Um plus: uma das características do coronavírus é provocar uma baixa oxigenação (papo técnico: hipóxia) extremamente penosa para o corpo, mas que, por algum motivo, não é percebida pela pessoa contaminada. Ao menos não é percebida como algo grave. Pessoas que em outras condições estariam arfantes e com muita falta de ar, se sentem normais, mesmo com a baixa oxigenação e não procuram ajuda médica, por experimentarem uma leve falta de ar, dificultando o tratamento posterior, pois quando chegam ao hospital a coisa já está crítica.

Essa hipóxia costuma acontecer, em média, uma semana após o contágio. Percebem a tempestade perfeita que se forma? A pessoa sente uma leve falta de ar, resolve fazer o teste de farmácia como indicador para ver se deve ou não procurar um hospital, afinal os sintomas não são tão graves e, quando o teste dá negativo (pois não deu tempo dela ter anticorpos suficientes), ela desiste de ir a um hospital. Quando os sintomas forem percebidos como graves, essa pessoa já estará com o pulmão muito comprometido e será muito mais difícil de tratar.

Nesse caso, é muito mais produtivo comprar um Oxímetro, aquele aparelho que você coloca no dedo e te diz a quantidade de oxigênio que seu sangue está transportando (papo técnico: saturação de oxigênio no organismo), ou seja, indica o quanto seu pulmão está funcionado. Um pulmão saudável promove uma oxigenação (em pessoas normais e ao nível do mar) entre 100 e 95%. Se a saturação for menor que 95%, procure ajuda. Bônus: o oxímetro costuma ser mais barato do que o teste de farmácia, pode ser usado quantas vezes você quiser e é vendido online.

O resultado positivo do teste de farmácia também é uma temeridade. Mesmo quando a pessoa entende que é um teste de anticorpos. Imaginem que uma pessoa faz o teste e tem resultado positivo e pensa “Beleza, já tenho anticorpos, estou protegido contra a doença, posso sair na rua”. Não, não pode. O resultado pode ser um falso positivo, fazendo a pessoa sair na rua feliz da vida, se sentindo imunizado, quando na verdade não está. Fora que ainda existe a discussão/dúvida se uma pessoa pode ser reinfectada, a hipótese ainda não foi completamente descartada.

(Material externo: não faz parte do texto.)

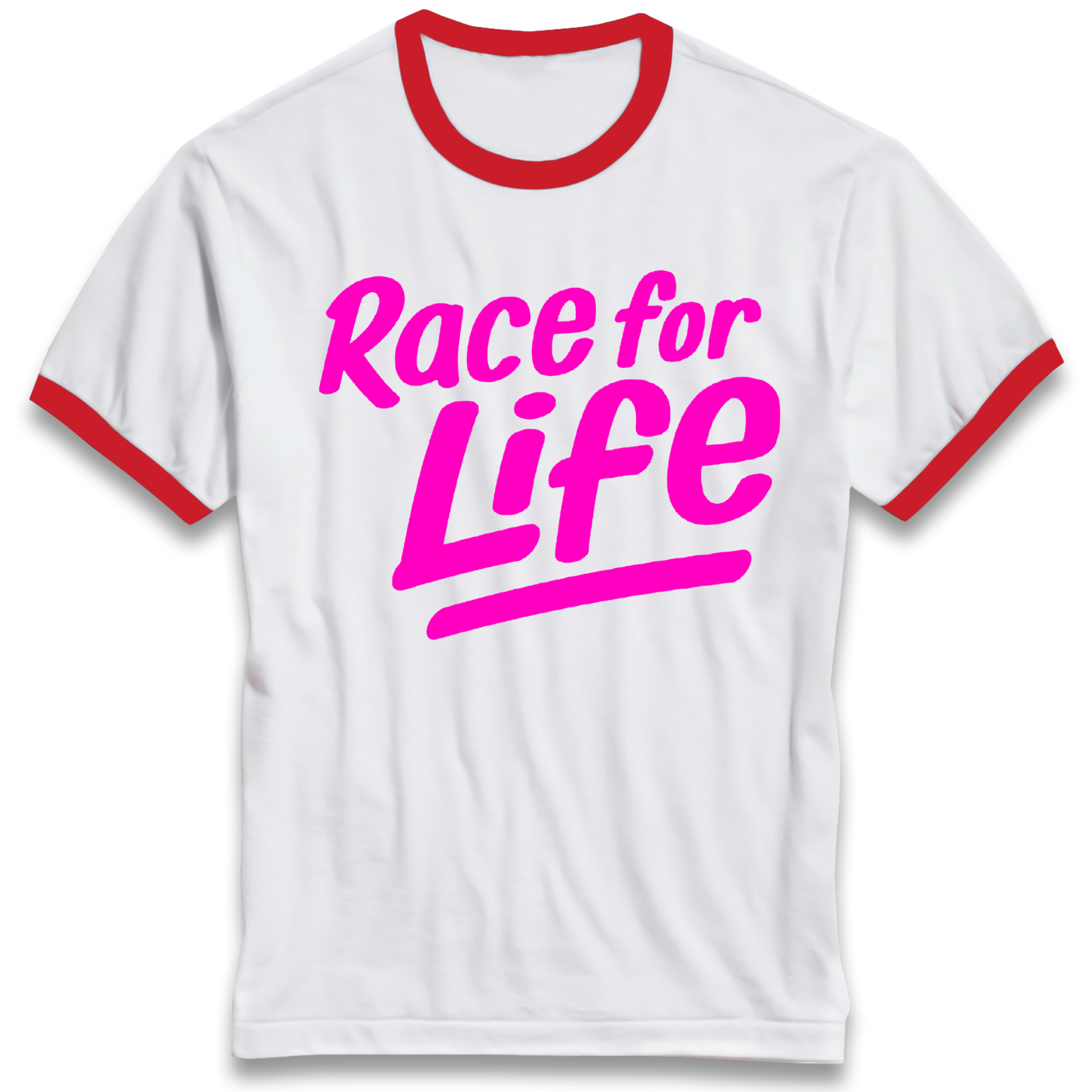 Race for Life Ringer T Shirt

Não se tem certeza se esses anticorpos serão de fato protetores, e, se o forem, por quanto tempo dura essa proteção. Por isso, um resultado positivo não te autoriza a nada, pode ser que esses anticorpos não protejam, pode ser que protejam pela vida toda ou pode ser que protejam apenas por um determinado período (ex: um ou dois anos). Enquanto essa informação não ficar clara, pessoas que testam positivo devem continuar tomando os mesmos cuidados do que as que testam negativo.

Então, não perca seu tempo com teste de farmácia. Você se protege muito mais adquirindo um Oxímetro e acompanhando a saturação de oxigênio de perto, assim pode perceber quando ela começa a ficar muito baixa, mesmo que seu corpo não dê sinais, permitindo um tratamento precoce e mais eficiente.